Friday, July 08, 2011

The Nanny State Is Coming For Your Vegetables

There are few things on Earth that tick me off more than self righteous bureaucrats using their authority to bully the people that pay their salaries.

It is bad enough that we have bureaucrats trying to tell us what we can eat, if we can invite other people to smoke on our own private property or if we might, pretty please, be able to add some salt to our food.

Now we have a benevolent overlord threatening a homeowner for growing vegetables on her own front lawn. Why? Apparently for no other reason than he doesn't want them to.

Michelle Obama can grow a whole garden on the White House green but Julie Bass, of Oak Park, Michigan should know a little bit better.

From My Fox Detroit:

"We thought it'd be really cool to do it so the neighbors could see. The kids love it. The kids from the neighborhood all come and help," she said.

Bass' cool garden has landed her in hot water with the City of Oak Park. Code enforcement gave her a warning, then a ticket and now she's been charged with a misdemeanor.

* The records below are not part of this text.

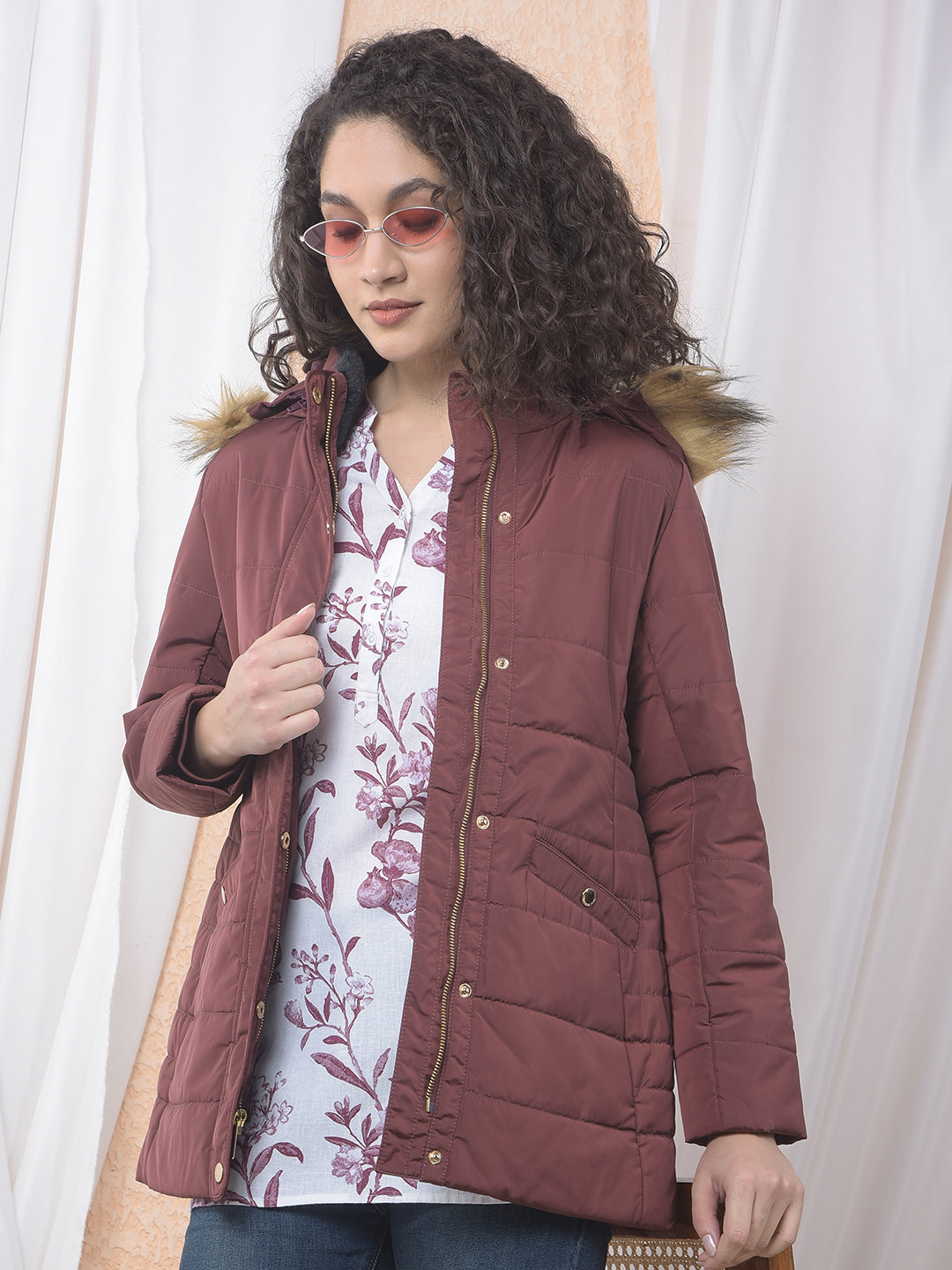 Maroon Hooded Neck Puffer Jacket-Women Jackets-Crimsoune Club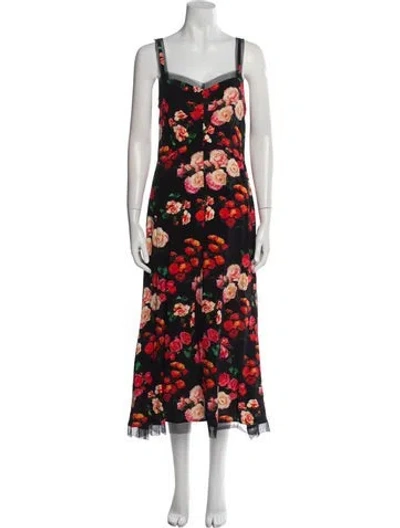 Pre-owned Molly Goddard Floral Print Long Dress In Black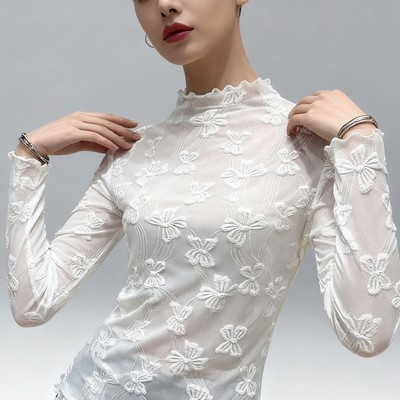 女士秋冬新款半高领蕾丝薄纱网纱木耳边高级感内搭毛衣打底衫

"I think it's sad that the City of Oak Park that's already strapped for cash is paying a lot of money to have a prosecutor bothering us," Bass told FOX 2's Alexis Wiley.

"That's not what we want to see in a front yard," said Oak Park City Planner Kevin Rulkowski.

Why? The city is pointing to a code that says a front yard has to have suitable, live, plant material. The big question is what's "suitable?"

We asked Bass whether she thinks she has suitable, live, plant material in her front yard.

"It's definitely live. It's definitely plant. It's definitely material. We think it's suitable," she said.

So, we asked Rulkowski why it's not suitable.

"If you look at the definition of what suitable is in Webster's dictionary, it will say common. So, if you look around and you look in any other community, what's common to a front yard is a nice, grass yard with beautiful trees and bushes and flowers," he said.

But when you look at front yards that are unsightly and overgrown, is Bass' vegetable garden really worth the city's time and money?
Surely Julie Bass must have a crappy looking garden. I mean, how else could it bind the city planner's thong underwear into such a tight little knot that it would so thoroughly encroach on Kevin Rulkowski's already too retentive anal cavity?

Nope.



If George Washington was alive today he would beat Kevin Rulkowski's ass.